Start of Supplied entries

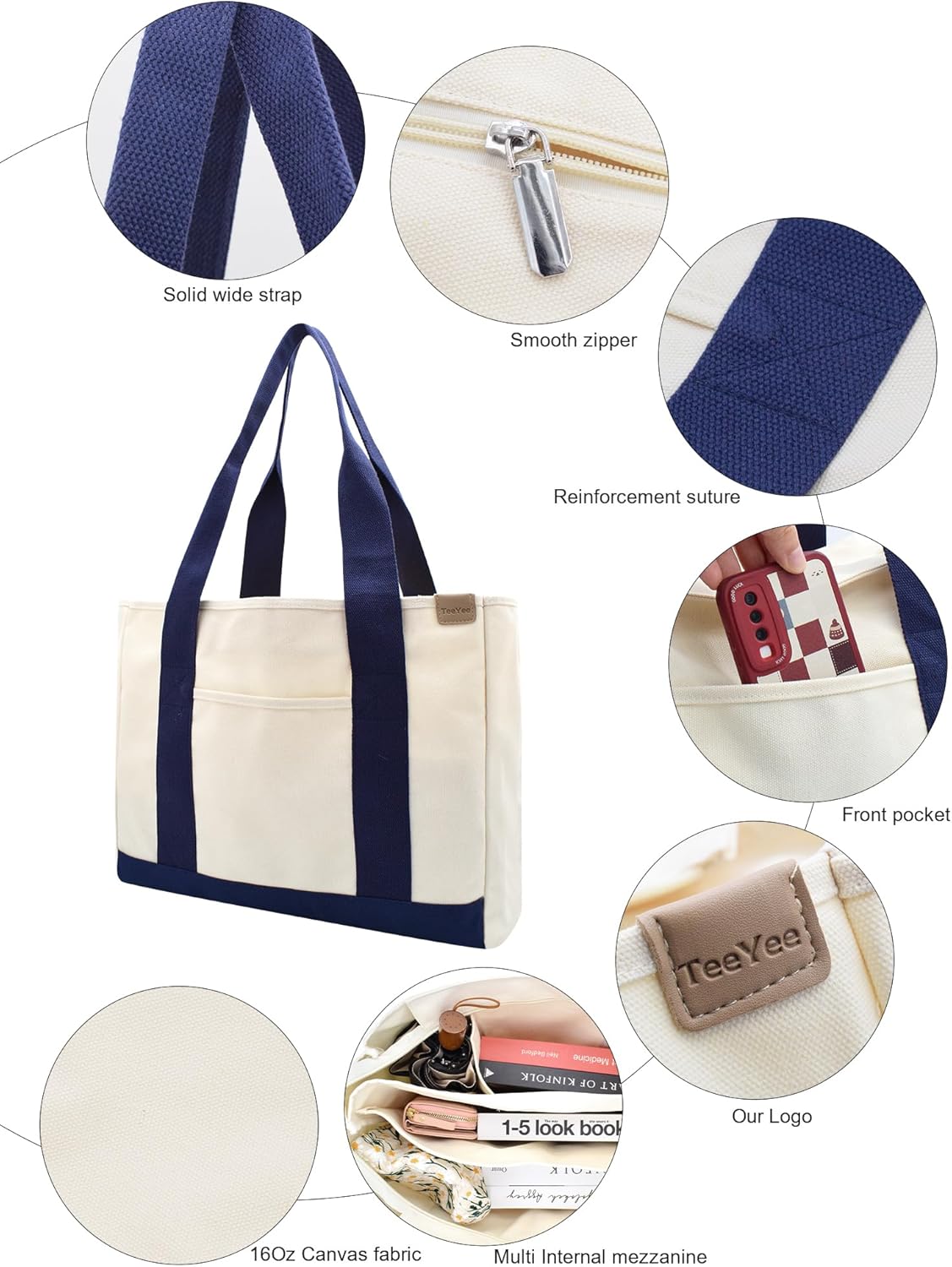 TeeYee 16oz Canvas Tote Bag Casual Multi pockets Handbags Large Capacity Shopping Shoulder Bag with Pocket Bags Work Purses | Shopper bag, Zipper pockets, Unsex design, Organized slots - Image 7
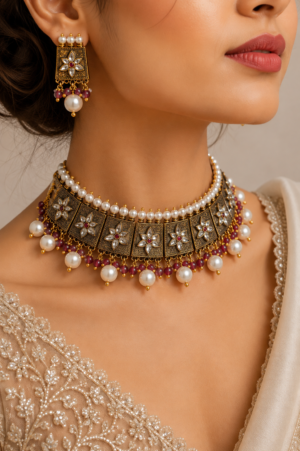 f93c21ee-8654-451d-98fe-c1a8af7a7619 Vintage Pearl Antique Choker Necklace Set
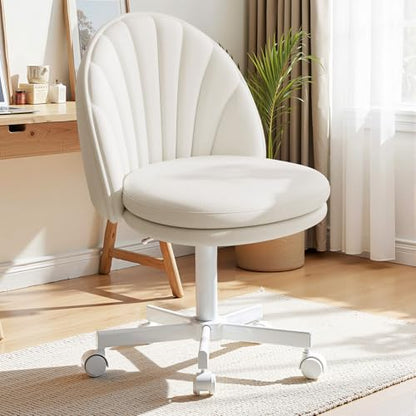GTPLAYER Small Ergonomic Tall Office Chair, Computer Desk Chair with Wheels Versatile Height Use: Office to Bar Stools (or Standing Desk), Vanity Chair with Back PU Leather Shell Design for Gift - color: Pu-white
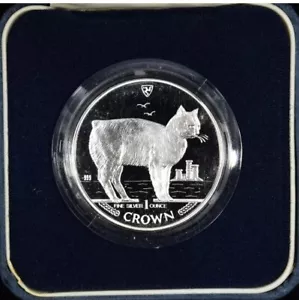 1988 Isle of Man 1 oz Silver Manx Cat Crown Proof w/box & COA - Picture 1 of 4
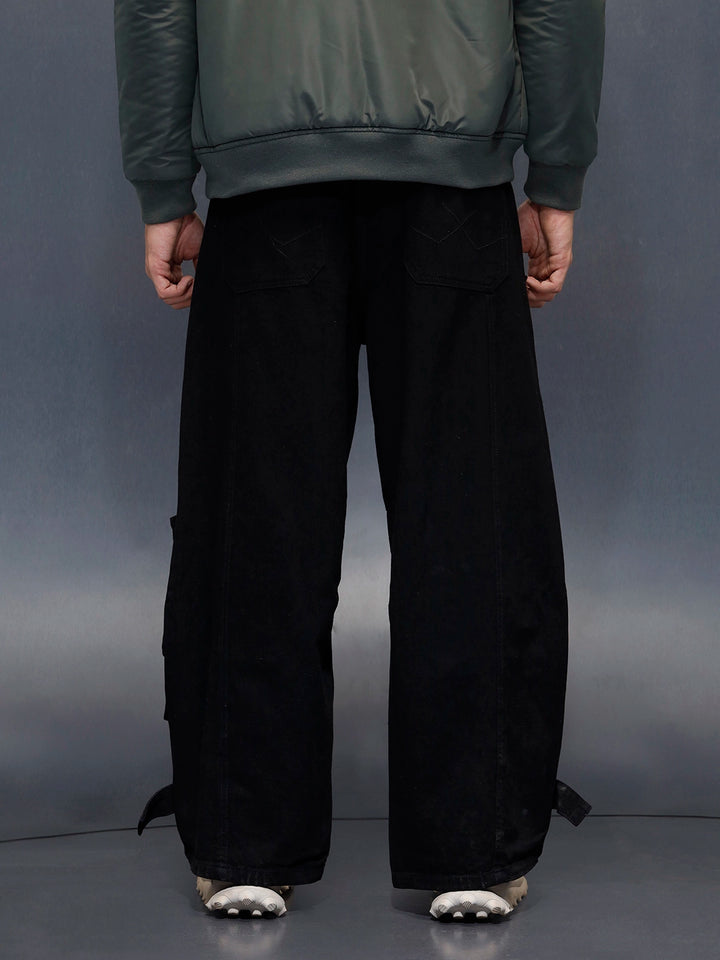 Men's Twelve Pocket Baggy Cargo  | Black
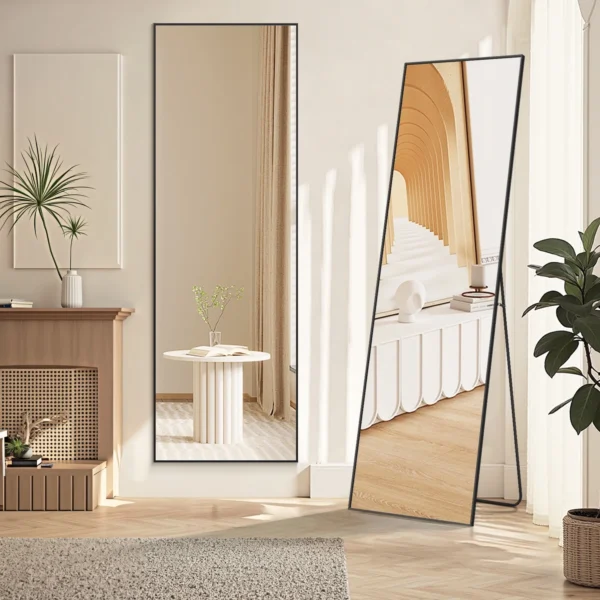 59"x16" Full Length Mirror Standing Rectangle Floor Mirrors Body Dressing Wall-Mounted Mirror, Black - Image 6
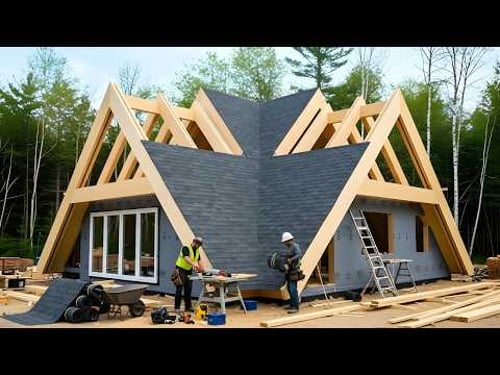 Cozy Off-Grid Log Cabin Built From Scratch by a Young Couple in 50 Days | @woodjunkie_yt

End of Supplied entries

_Task description_. Starting at the line containing "f93c21ee-8654-451d-98fe-c1a8af7a7619 Vintage Pearl" and stopping at the line containing "Black - Image 6", output every line above exactly, both ends included, with pictures omitted.

_Solution_.
 f93c21ee-8654-451d-98fe-c1a8af7a7619 Vintage Pearl Antique Choker Necklace Set
GTPLAYER Small Ergonomic Tall Office Chair, Computer Desk Chair with Wheels Versatile Height Use: Office to Bar Stools (or Standing Desk), Vanity Chair with Back PU Leather Shell Design for Gift - color: Pu-white
 1988 Isle of Man 1 oz Silver Manx Cat Crown Proof w/box & COA - Picture 1 of 4
 Men's Twelve Pocket Baggy Cargo  | Black
 59"x16" Full Length Mirror Standing Rectangle Floor Mirrors Body Dressing Wall-Mounted Mirror, Black - Image 6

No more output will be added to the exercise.